Obama has upper hand
By RON FOURNIER, Associated Press Writer
WASHINGTON - The Democratic nomination is now Barack Obama's to lose. After 10 consecutive defeats — including a heartbreaker in tailor-made Wisconsin on Tuesday — Hillary Rodham Clinton can't win the nomination unless Obama makes a major mistake or her allies reveal something damaging about the Illinois senator's background. Don't count her out quite yet, but Wisconsin revealed deep and destructive fractures in the Clinton coalition.

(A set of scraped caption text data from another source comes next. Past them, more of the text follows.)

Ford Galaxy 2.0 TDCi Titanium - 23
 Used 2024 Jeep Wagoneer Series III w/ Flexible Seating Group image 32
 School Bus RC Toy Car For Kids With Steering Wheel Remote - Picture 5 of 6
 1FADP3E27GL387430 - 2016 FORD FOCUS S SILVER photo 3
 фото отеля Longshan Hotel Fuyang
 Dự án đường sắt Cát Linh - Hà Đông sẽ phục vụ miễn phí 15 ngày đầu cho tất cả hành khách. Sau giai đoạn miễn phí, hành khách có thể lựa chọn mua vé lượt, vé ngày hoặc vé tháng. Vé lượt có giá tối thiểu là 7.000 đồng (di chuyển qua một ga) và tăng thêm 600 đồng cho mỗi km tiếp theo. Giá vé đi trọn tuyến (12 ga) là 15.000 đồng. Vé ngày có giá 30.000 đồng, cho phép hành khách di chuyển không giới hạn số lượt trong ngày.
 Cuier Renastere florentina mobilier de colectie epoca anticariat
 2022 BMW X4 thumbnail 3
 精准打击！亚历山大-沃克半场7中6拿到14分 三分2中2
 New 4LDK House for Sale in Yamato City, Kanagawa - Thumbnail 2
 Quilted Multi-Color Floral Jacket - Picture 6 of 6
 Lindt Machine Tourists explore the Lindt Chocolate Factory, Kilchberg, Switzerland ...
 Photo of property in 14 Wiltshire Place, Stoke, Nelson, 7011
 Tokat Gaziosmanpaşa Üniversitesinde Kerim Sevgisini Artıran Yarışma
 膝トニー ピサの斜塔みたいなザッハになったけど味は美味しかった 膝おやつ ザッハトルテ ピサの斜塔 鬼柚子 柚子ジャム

It's panic-button time....
The Clinton camp hopes to produce other instances of rhetorical theft and show a pattern of bad behavior. The danger for Obama is anything that undercuts his image as a candidate who rises above politics. Something like this might work to Clinton's advantage: Obama is backtracking on a pledge to abide by spending caps in the general election, and his explanation is bogus.
Obama is undeniably raw. Less than four years removed from the Illinois Legislature, he stands at the brink of the Democratic nomination and will soon go one-on-one in debates with a tough and savvy former first lady. The odds of a misstep are low but not impossible for these reasons: Clinton will grow increasingly negative; Obama faces more scrutiny as the new front-runner; his performance in multi-candidates debates was uneven; and the charmed Illinois senator has never faced political crises. Should Obama stumble in the next two weeks, does he know how to recover?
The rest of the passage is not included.